## Task objective
In the listing that follows, locate the line containing "Gelly Hi Shine Nail Paint - Tangerine" and the line containing "MACHINE ABDOMINAUX/LOMBAIRES DUAL". Retype exactly those two lines and every line between them, and nothing more.

(Raw data begins)

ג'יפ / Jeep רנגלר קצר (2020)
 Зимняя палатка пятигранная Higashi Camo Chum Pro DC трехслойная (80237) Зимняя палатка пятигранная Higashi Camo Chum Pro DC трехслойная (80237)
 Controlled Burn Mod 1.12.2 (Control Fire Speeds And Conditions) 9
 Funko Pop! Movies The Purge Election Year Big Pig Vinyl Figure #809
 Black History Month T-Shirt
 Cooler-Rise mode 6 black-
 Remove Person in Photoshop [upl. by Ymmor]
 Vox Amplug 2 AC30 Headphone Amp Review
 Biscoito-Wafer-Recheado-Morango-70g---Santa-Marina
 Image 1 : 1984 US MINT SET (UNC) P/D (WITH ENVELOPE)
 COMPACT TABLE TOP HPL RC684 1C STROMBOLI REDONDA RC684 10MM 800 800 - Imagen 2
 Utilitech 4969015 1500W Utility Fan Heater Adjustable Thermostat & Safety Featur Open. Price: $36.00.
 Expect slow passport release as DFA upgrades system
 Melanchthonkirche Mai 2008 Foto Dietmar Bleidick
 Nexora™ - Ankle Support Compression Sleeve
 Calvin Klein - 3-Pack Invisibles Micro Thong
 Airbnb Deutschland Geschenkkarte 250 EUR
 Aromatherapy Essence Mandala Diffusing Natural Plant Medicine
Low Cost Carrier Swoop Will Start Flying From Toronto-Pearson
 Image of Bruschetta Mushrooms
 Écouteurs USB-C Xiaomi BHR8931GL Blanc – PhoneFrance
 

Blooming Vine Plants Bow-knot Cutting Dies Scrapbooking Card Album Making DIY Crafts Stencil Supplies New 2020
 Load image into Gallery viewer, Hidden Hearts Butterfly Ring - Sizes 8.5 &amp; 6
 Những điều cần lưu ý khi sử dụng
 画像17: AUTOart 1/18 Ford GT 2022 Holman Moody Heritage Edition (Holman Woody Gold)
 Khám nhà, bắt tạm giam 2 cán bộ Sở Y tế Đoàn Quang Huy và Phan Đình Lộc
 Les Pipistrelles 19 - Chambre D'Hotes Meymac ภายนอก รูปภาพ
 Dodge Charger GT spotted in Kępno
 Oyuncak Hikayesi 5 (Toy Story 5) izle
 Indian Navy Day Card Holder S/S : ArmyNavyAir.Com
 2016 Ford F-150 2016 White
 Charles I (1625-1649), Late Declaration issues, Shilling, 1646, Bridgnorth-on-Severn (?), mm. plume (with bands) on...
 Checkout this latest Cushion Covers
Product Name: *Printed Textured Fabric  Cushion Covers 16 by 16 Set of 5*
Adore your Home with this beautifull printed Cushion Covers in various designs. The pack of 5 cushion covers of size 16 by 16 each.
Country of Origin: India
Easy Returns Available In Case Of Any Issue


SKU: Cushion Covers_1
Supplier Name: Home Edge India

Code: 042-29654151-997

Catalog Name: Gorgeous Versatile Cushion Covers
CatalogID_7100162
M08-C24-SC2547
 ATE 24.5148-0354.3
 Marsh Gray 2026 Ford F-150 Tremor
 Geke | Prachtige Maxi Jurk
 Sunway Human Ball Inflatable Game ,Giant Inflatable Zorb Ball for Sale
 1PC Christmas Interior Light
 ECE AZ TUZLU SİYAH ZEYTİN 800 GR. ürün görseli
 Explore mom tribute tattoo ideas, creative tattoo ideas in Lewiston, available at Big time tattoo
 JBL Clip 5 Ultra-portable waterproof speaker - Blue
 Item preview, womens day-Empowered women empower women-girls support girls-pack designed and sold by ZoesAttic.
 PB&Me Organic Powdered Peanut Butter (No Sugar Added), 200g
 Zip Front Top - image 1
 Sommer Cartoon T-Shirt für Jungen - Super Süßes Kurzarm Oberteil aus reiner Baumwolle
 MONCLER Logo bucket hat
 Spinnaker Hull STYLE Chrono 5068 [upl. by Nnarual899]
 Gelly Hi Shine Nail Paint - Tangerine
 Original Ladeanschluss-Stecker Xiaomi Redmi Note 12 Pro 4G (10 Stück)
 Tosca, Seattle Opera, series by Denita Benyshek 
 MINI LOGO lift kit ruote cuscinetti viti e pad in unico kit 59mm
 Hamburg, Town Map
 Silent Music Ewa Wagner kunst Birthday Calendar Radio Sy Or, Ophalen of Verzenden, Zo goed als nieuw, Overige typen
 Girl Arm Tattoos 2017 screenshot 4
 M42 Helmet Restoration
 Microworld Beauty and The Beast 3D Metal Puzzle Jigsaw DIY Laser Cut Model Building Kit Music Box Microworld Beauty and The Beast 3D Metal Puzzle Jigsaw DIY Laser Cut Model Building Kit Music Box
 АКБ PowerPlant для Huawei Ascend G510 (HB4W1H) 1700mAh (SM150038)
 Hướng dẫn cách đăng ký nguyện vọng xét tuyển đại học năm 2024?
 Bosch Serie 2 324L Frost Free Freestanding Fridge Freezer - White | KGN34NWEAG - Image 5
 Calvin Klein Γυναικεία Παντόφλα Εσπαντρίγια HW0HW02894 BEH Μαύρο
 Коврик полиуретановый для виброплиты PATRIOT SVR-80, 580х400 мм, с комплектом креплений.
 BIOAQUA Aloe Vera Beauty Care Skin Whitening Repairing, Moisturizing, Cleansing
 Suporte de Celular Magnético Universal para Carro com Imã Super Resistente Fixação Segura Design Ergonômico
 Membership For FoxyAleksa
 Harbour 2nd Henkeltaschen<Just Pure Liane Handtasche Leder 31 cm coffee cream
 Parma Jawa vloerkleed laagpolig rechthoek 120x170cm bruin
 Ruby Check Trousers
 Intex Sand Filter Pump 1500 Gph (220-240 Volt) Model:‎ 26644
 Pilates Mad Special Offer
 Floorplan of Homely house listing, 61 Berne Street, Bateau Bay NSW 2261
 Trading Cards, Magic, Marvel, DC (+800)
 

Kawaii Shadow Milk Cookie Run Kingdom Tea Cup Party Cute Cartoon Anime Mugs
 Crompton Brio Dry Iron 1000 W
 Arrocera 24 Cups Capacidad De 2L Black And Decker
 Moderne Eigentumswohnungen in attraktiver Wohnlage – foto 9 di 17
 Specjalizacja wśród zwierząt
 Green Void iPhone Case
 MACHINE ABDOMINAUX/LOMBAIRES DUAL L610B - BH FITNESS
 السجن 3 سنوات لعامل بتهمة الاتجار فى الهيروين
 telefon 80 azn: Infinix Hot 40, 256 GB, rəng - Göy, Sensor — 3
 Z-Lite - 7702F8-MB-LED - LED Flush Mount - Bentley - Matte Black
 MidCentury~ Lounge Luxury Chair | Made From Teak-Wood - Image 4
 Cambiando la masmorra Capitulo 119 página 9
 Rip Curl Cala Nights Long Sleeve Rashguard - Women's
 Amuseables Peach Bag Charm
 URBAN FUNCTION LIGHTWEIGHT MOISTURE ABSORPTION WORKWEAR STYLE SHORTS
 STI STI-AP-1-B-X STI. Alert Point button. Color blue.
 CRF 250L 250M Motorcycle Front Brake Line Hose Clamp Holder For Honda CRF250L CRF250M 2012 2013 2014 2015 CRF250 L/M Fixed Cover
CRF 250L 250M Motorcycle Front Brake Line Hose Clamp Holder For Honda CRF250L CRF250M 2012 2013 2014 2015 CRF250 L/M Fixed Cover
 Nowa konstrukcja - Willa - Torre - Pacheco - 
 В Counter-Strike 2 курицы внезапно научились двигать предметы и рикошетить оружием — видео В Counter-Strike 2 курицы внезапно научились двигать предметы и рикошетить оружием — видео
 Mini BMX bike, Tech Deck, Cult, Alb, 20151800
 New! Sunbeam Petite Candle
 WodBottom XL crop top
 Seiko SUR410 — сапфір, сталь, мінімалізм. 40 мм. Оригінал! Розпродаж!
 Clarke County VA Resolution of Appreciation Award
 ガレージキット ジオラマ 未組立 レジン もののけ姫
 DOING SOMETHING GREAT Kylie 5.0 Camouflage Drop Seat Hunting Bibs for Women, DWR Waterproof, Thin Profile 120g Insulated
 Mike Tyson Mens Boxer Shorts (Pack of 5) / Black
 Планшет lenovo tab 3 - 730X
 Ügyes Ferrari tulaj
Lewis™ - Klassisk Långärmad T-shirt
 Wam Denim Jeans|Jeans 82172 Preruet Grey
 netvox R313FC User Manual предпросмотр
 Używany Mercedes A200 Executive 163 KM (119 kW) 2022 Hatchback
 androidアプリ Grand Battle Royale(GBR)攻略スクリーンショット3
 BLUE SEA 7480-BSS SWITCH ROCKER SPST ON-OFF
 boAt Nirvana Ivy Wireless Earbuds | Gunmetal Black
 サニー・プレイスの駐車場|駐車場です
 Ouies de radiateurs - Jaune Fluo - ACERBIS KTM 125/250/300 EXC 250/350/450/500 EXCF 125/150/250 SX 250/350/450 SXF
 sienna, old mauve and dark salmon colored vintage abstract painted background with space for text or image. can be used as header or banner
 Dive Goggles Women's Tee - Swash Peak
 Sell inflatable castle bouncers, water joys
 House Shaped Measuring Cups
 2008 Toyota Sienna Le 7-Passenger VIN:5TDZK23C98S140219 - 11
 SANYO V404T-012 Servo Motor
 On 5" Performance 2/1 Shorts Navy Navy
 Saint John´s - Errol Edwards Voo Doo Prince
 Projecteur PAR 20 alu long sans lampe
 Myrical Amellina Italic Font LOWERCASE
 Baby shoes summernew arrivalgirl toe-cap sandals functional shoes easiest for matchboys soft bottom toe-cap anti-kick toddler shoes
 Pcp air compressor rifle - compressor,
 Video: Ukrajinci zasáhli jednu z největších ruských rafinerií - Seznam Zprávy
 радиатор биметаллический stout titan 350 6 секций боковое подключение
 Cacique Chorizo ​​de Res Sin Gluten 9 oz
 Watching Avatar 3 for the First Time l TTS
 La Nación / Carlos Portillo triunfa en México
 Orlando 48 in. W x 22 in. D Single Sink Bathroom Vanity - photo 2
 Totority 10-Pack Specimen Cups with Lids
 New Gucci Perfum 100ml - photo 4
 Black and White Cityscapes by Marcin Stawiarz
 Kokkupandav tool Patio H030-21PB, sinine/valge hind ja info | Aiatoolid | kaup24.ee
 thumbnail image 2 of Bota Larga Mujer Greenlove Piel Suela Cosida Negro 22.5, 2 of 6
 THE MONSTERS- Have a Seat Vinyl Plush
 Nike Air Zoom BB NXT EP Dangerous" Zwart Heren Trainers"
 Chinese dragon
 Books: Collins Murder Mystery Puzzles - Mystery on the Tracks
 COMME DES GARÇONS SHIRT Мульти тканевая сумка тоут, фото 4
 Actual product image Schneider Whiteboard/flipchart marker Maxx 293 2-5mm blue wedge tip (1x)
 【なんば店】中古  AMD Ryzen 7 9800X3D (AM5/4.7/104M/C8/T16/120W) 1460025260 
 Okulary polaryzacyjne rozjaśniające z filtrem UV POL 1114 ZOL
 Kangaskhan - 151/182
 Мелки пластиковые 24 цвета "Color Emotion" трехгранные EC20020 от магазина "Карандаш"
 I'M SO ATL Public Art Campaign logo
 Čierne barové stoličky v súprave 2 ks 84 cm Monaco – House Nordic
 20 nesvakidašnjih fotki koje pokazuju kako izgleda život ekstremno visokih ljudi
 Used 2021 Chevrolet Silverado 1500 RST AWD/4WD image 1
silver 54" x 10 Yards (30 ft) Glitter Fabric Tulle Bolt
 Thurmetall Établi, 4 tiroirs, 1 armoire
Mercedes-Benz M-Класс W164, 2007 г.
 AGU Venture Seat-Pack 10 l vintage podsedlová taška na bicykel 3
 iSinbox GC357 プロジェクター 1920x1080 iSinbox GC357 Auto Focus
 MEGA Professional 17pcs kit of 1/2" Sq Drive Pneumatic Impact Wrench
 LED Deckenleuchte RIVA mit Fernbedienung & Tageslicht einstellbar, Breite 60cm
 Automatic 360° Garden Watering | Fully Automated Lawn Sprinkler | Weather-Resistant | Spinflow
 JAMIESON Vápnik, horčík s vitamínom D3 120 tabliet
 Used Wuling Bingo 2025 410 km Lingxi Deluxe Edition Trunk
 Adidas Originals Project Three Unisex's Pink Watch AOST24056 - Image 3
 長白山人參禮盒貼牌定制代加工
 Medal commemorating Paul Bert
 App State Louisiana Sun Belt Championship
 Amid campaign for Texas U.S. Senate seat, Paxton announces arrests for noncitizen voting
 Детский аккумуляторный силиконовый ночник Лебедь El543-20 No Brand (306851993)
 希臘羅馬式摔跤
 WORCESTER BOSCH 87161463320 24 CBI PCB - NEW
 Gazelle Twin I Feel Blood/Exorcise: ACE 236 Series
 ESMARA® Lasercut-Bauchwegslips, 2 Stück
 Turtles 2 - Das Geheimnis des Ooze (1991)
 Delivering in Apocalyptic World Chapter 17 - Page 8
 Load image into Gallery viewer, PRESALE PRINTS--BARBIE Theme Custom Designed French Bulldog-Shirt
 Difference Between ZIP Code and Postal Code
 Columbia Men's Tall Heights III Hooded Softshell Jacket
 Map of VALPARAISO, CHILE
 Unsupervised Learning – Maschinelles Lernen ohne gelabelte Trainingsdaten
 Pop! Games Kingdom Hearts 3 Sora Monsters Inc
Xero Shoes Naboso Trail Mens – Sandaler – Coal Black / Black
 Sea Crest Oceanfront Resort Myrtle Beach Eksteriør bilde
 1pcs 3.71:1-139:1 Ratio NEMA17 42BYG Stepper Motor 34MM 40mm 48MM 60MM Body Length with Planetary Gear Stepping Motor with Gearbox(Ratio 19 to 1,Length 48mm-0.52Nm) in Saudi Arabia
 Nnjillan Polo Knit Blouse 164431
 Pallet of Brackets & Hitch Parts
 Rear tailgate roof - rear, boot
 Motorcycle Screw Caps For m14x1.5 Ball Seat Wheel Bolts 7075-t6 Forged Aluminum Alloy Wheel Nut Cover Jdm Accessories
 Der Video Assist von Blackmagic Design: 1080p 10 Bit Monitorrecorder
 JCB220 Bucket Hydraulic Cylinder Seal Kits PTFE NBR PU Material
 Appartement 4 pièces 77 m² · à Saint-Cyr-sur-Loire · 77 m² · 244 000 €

(Raw data ends)

## Answer box
 Gelly Hi Shine Nail Paint - Tangerine
 Original Ladeanschluss-Stecker Xiaomi Redmi Note 12 Pro 4G (10 Stück)
 Tosca, Seattle Opera, series by Denita Benyshek 
 MINI LOGO lift kit ruote cuscinetti viti e pad in unico kit 59mm
 Hamburg, Town Map
 Silent Music Ewa Wagner kunst Birthday Calendar Radio Sy Or, Ophalen of Verzenden, Zo goed als nieuw, Overige typen
 Girl Arm Tattoos 2017 screenshot 4
 M42 Helmet Restoration
 Microworld Beauty and The Beast 3D Metal Puzzle Jigsaw DIY Laser Cut Model Building Kit Music Box Microworld Beauty and The Beast 3D Metal Puzzle Jigsaw DIY Laser Cut Model Building Kit Music Box
 АКБ PowerPlant для Huawei Ascend G510 (HB4W1H) 1700mAh (SM150038)
 Hướng dẫn cách đăng ký nguyện vọng xét tuyển đại học năm 2024?
 Bosch Serie 2 324L Frost Free Freestanding Fridge Freezer - White | KGN34NWEAG - Image 5
 Calvin Klein Γυναικεία Παντόφλα Εσπαντρίγια HW0HW02894 BEH Μαύρο
 Коврик полиуретановый для виброплиты PATRIOT SVR-80, 580х400 мм, с комплектом креплений.
 BIOAQUA Aloe Vera Beauty Care Skin Whitening Repairing, Moisturizing, Cleansing
 Suporte de Celular Magnético Universal para Carro com Imã Super Resistente Fixação Segura Design Ergonômico
 Membership For FoxyAleksa
 Harbour 2nd Henkeltaschen<Just Pure Liane Handtasche Leder 31 cm coffee cream
 Parma Jawa vloerkleed laagpolig rechthoek 120x170cm bruin
 Ruby Check Trousers
 Intex Sand Filter Pump 1500 Gph (220-240 Volt) Model:‎ 26644
 Pilates Mad Special Offer
 Floorplan of Homely house listing, 61 Berne Street, Bateau Bay NSW 2261
 Trading Cards, Magic, Marvel, DC (+800)
 

Kawaii Shadow Milk Cookie Run Kingdom Tea Cup Party Cute Cartoon Anime Mugs
 Crompton Brio Dry Iron 1000 W
 Arrocera 24 Cups Capacidad De 2L Black And Decker
 Moderne Eigentumswohnungen in attraktiver Wohnlage – foto 9 di 17
 Specjalizacja wśród zwierząt
 Green Void iPhone Case
 MACHINE ABDOMINAUX/LOMBAIRES DUAL L610B - BH FITNESS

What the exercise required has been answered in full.